• EXCERPTED RECORDS
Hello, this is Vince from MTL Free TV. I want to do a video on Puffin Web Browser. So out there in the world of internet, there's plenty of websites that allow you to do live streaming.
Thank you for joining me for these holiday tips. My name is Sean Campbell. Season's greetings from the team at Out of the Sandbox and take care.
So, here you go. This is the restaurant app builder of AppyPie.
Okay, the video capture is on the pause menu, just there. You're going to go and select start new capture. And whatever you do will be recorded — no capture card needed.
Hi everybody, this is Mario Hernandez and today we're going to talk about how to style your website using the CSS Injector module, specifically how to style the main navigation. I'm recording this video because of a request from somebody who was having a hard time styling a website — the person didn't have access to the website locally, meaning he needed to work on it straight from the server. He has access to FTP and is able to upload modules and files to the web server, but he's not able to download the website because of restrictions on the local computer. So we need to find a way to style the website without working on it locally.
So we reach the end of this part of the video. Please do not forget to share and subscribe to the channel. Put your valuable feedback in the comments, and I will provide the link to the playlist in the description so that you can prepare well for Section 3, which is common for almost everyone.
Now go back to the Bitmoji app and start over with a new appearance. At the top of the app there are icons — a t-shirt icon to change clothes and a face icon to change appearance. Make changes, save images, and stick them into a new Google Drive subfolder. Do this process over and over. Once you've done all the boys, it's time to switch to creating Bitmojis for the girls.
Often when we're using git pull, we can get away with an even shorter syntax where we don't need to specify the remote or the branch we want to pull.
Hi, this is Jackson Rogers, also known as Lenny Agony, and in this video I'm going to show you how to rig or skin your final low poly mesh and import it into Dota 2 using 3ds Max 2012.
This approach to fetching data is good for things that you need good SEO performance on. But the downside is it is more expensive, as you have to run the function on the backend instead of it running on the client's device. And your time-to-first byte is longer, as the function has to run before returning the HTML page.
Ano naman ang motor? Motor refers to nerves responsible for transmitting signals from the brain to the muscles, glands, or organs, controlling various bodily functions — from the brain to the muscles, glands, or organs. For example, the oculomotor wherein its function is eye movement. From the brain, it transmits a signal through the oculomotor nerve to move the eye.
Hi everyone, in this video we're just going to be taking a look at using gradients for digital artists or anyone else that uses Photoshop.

• EXERCISE AIM
Retype exactly the lines of the data above, starting at its first line and finishing with the line that has "So, here you" in it.

• TASK RESPONSE
Hello, this is Vince from MTL Free TV. I want to do a video on Puffin Web Browser. So out there in the world of internet, there's plenty of websites that allow you to do live streaming.
Thank you for joining me for these holiday tips. My name is Sean Campbell. Season's greetings from the team at Out of the Sandbox and take care.
So, here you go. This is the restaurant app builder of AppyPie.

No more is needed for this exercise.